From Script to Prototype: Architecting a Multi-Agent Quorum for Financial Sentiment

In the rush to deploy AI, it is easy to grab a pre-trained model off the shelf, run pipeline(), and call it a day. That is how most tutorials work. But as I learned during a recent R&D sprint for my AI engineering group, production reality rarely matches the tutorial.

I have been building a Financial Sentiment Analyzer in my personal R&D sandbox. My goal was to empirically test a simple hypothesis: Can we trust a single Transformer model to understand the entire stock market?

The answer was a resounding “No.” But rather than just reporting the failure, I want to break down the Multi-Agent Architecture I designed to fix it.

The Engineering Problem: Domain Drift

The first phase of my research involved benchmarking standard models like FinBERT. FinBERT is excellent at reading the Wall Street Journal (97% accuracy in my tests). However, when I fed it data from “FinTwit” (Financial Twitter) and Reddit, its accuracy collapsed to ~30%.

This is a classic case of Domain Drift. The model was optimizing for formal grammar and specific vocabulary (“revenue,” “EBITDA”), completely missing the semantic meaning of internet slang (“diamond hands,” “rug pull,” “to the moon”).

A single model architecture was insufficient because the input data was too heterogeneous.

The Solution: The “Agentic Quorum” Pattern

Instead of trying to fine-tune a single massive model to learn every dialect of English, I opted for a Multi-Agent System (MAS) approach. I call this the Agentic Quorum.

The core philosophy is simple: Specialization over Generalization.

1. The Agents

I instantiated three distinct agents, each wrapping a different Hugging Face model:

Agent A (“The Banker”): Runs ProsusAI/finbert.
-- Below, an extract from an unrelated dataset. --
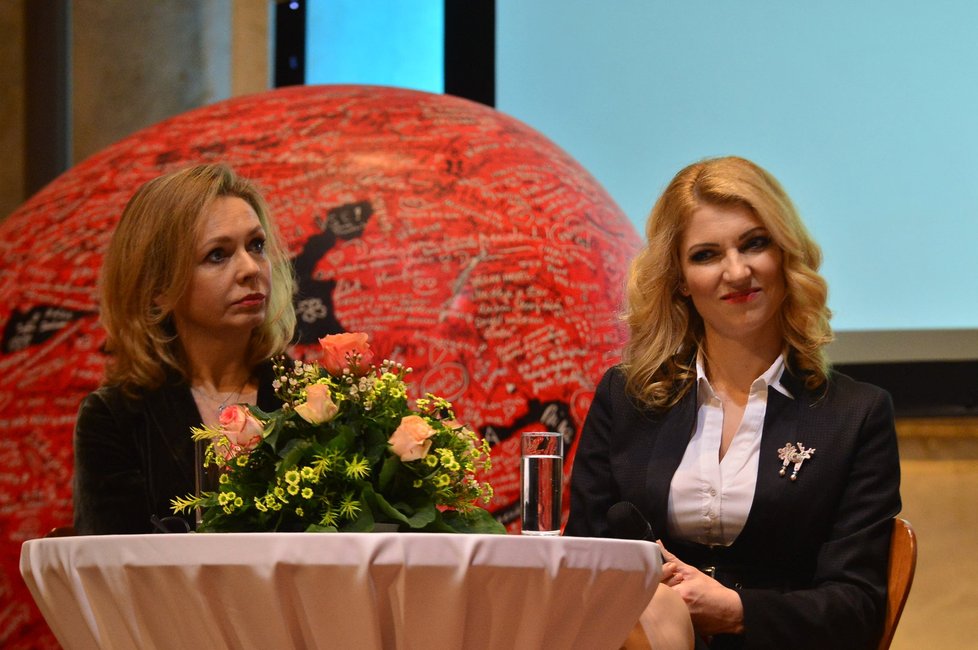 Debata žen kandidátů na prezidenta: Lucie Talmanová a Eliška Hynková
It is weighted to trust formal language and ignore noise.
Agent B (“The Socialite”): Runs twitter-roberta-base-sentiment. It is trained on millions of tweets and understands emoji usage and sarcasm.
Agent C (“The Generalist”): Runs distilbert-base-uncased. It acts as a baseline tie-breaker.

2. The Consensus Engine

The real engineering challenge was orchestrating these agents. I built a AgentQuorum class that acts as a meta-controller. It doesn’t just average the scores; it looks for consensus.

Here is the pseudocode logic for the arbitration:

Broadcast: Send the input text to all three agents simultaneously.
Normalize: Map their disparate outputs (e.g., [Label_0, Label_1] vs [Pos, Neg, Neu]) into a standard Enum.
Vote: Calculate the majority vote.
Conflict Detection: If the “Banker” and “Socialite” violently disagree (e.g., one says Positive, one says Negative), the system flags the data point for manual review rather than polluting the dashboard with a low-confidence score.

The Validation: Benchmark Results

To prove this architecture works, I ran the Quorum against a validation set of 100 samples (50 formal, 50 social). The results, visualized below, confirm the stability of the consensus approach.

Formal News (Left): The Quorum (Blue) matched the “Banker” (FinBERT – Green) perfectly at 96% accuracy, proving that adding other voices didn’t dilute the expert signal.
Social Media (Right): The Quorum held strong at 74%, remaining competitive with the specialists and avoiding the catastrophic failure of the “Generalist” model (Red), which scored only 18%.

This chart illustrates the “Safety Net” effect: The Quorum ensures we never rely solely on a model that might be failing (like the Generalist), while capturing the upside of the best-performing specialists.

Why This Matters for Production

This R&D experiment proved that reliability in AI comes from redundancy. By treating models as voted opinions rather than absolute truths, I have designed a prototype that appears resilient to the chaos of social media data.

Initial tests suggest that the “Quorum” architecture can successfully filter out false negatives that would otherwise trigger bad trade signals, validating this as a promising direction for our production build.

Next Steps

The prototype has successfully validated the “Quorum” concept, but the path to a production system is an open question. We are currently evaluating several potential directions:

Real-time Inference: How do we scale this multi-agent architecture to handle live streaming data without massive latency?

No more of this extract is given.